Data extract -
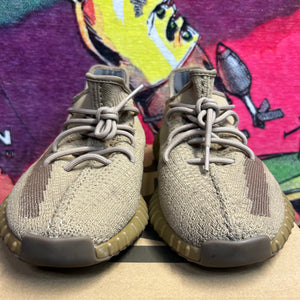 Kanye West Yeezy 350V2 “Earth” Size 10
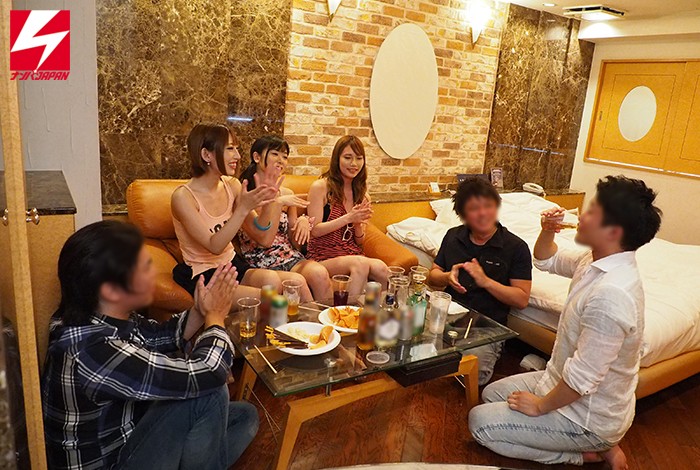 「ナンパJAPAN検証企画！ 女子大生限定！夏フェス帰りの女子大生3人組をラブホに連れ込みエッチなほろ酔い王様ゲーム！ アゲアゲテンションなシロウトお姉さんたちとハメまくり乱交SEXパーティーしちゃいました！」のサンプル画像7枚目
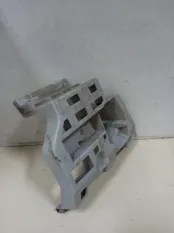 Кронштейн форсунки омывателя фары правый Skoda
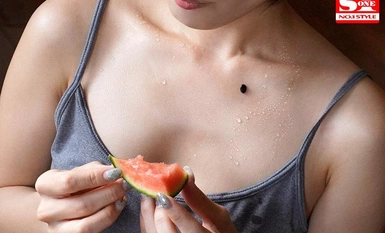 [モザイク破壊]SSIS-131 ど田舎の夏はヤルことがなくて隣の美人奥さんの誘惑に乗っかり毎日じっとり汗だく交尾 小島みなみ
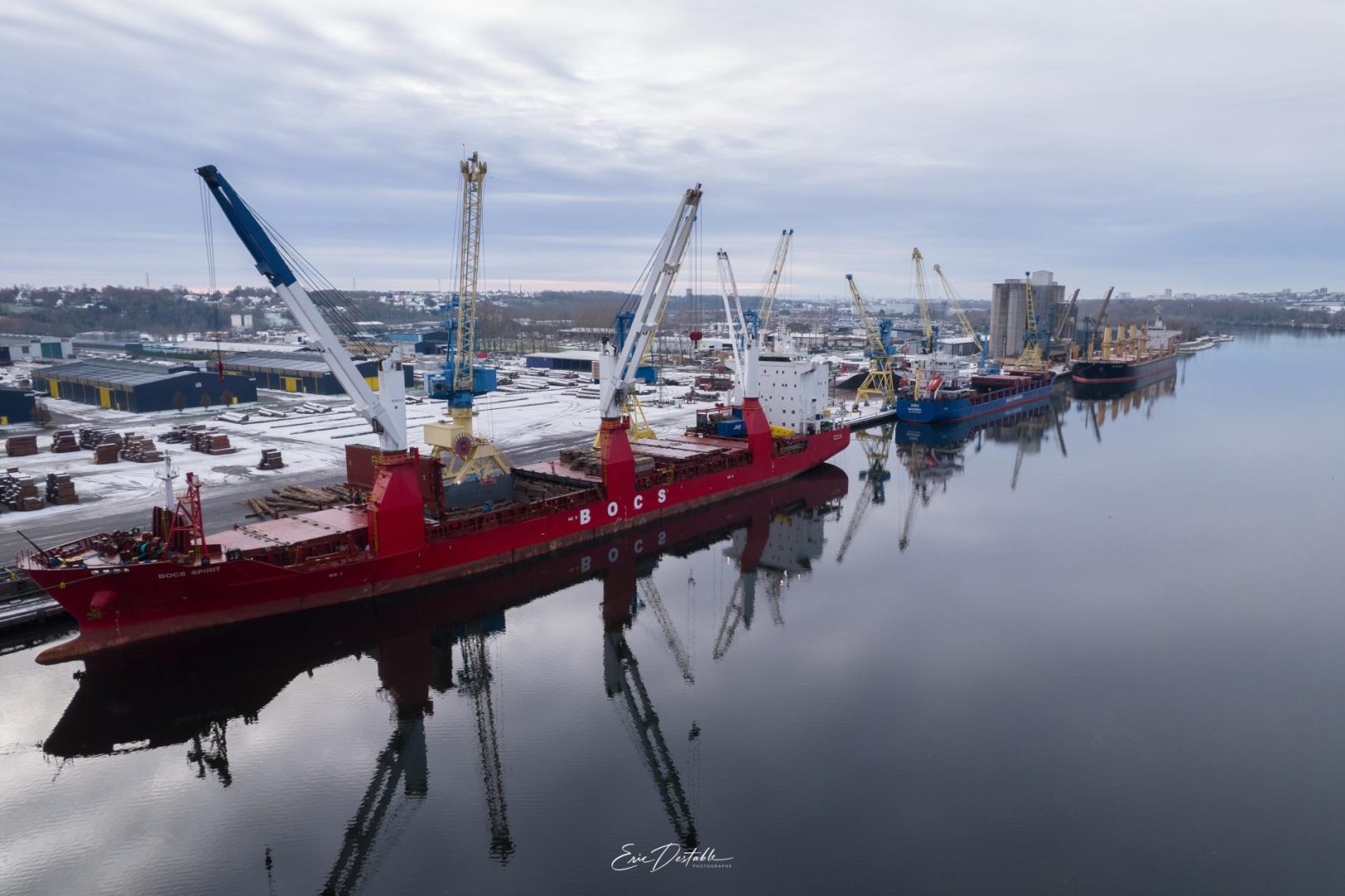 découvrez notre port commerce, un hub dynamique pour l'échange de biens et de services. explorez nos installations modernes, notre expertise logistique et nos solutions adaptées pour soutenir votre activité commerciale. rejoignez-nous pour optimiser vos opérations maritimes et terrestres.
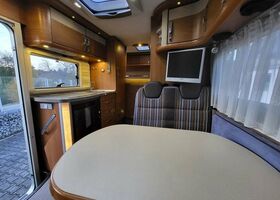 Серый Caravans-Wohnm Hymer, объемом двигателя 0 л и пробегом 76 тыс. км за 43384 $, фото 3 на Automoto.ua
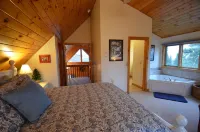 Lutsen's cutest vacation home between Lake Superior and Lutsen Mountains.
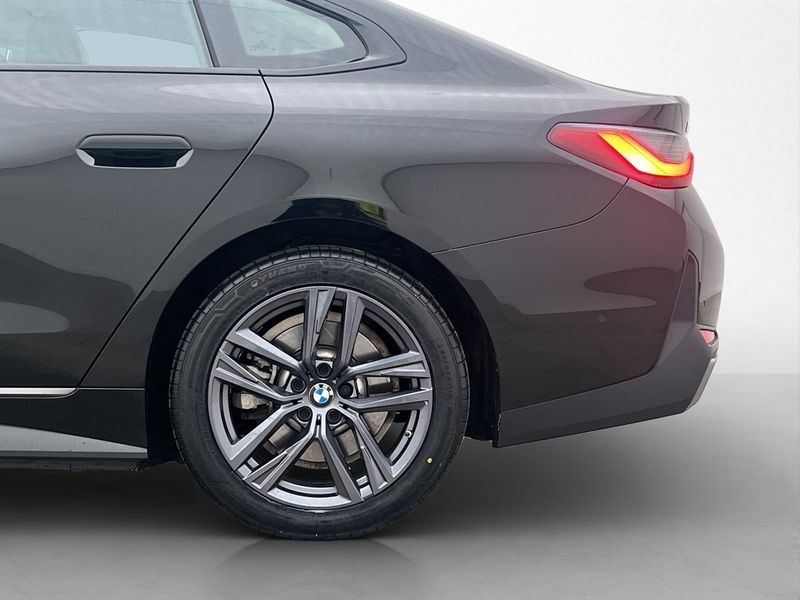BMW i4 bild 32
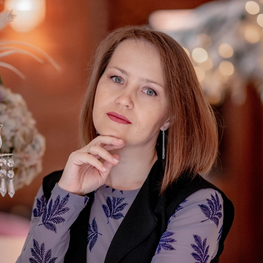 Дизайнер интерьера "Юлия Бушуева"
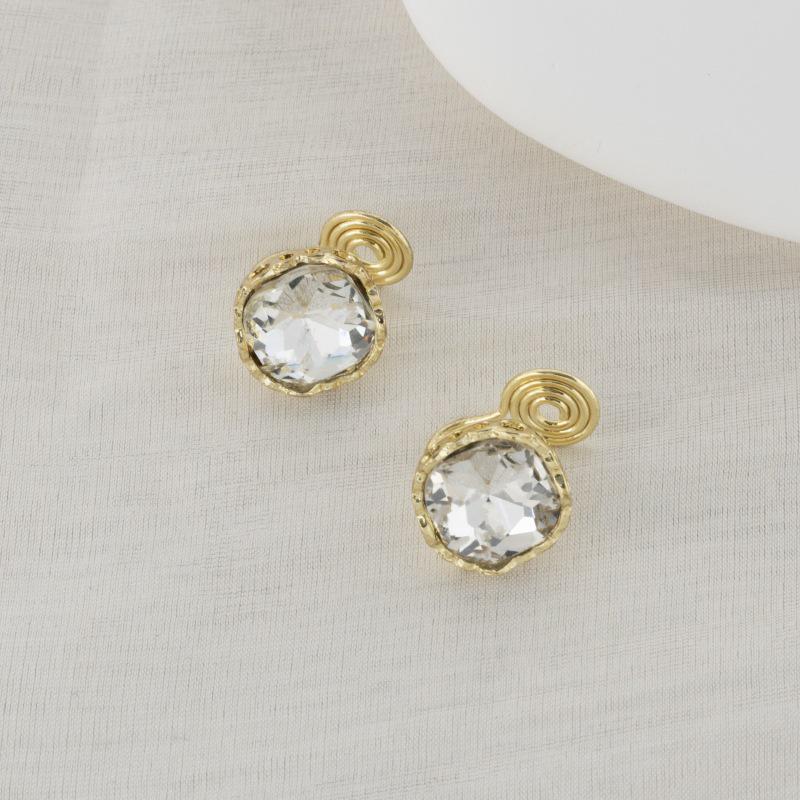 Orecchini Dolci da Fatina Stile Coreano Senza Foro: Design Versatile, Chic e di Alta Gamma per Zampironi.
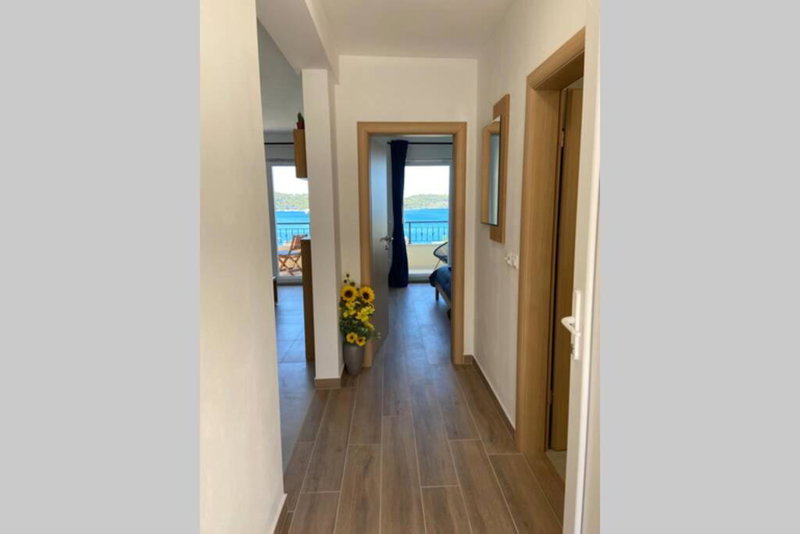 Apartment Sandra (2+2) with a breathtaking view 2, Vis, Croatia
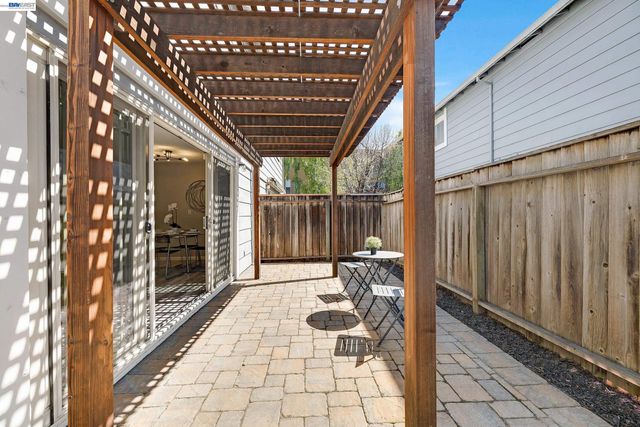 752 Woodgate Ct, San Leandro, CA 94579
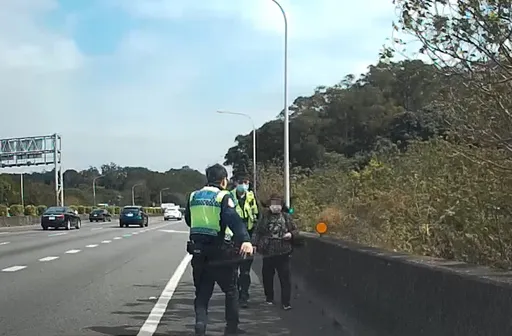 新竹婦散步迷路誤闖國道 警巡邏發現助平安返家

Problem to work on - A faithful copy of the data above is wanted, with every image left out.

Result below -
 Kanye West Yeezy 350V2 “Earth” Size 10
 「ナンパJAPAN検証企画！ 女子大生限定！夏フェス帰りの女子大生3人組をラブホに連れ込みエッチなほろ酔い王様ゲーム！ アゲアゲテンションなシロウトお姉さんたちとハメまくり乱交SEXパーティーしちゃいました！」のサンプル画像7枚目
 Кронштейн форсунки омывателя фары правый Skoda
 [モザイク破壊]SSIS-131 ど田舎の夏はヤルことがなくて隣の美人奥さんの誘惑に乗っかり毎日じっとり汗だく交尾 小島みなみ
 découvrez notre port commerce, un hub dynamique pour l'échange de biens et de services. explorez nos installations modernes, notre expertise logistique et nos solutions adaptées pour soutenir votre activité commerciale. rejoignez-nous pour optimiser vos opérations maritimes et terrestres.
 Серый Caravans-Wohnm Hymer, объемом двигателя 0 л и пробегом 76 тыс. км за 43384 $, фото 3 на Automoto.ua
 Lutsen's cutest vacation home between Lake Superior and Lutsen Mountains.
BMW i4 bild 32
 Дизайнер интерьера "Юлия Бушуева"
 Orecchini Dolci da Fatina Stile Coreano Senza Foro: Design Versatile, Chic e di Alta Gamma per Zampironi.
 Apartment Sandra (2+2) with a breathtaking view 2, Vis, Croatia
 752 Woodgate Ct, San Leandro, CA 94579
 新竹婦散步迷路誤闖國道 警巡邏發現助平安返家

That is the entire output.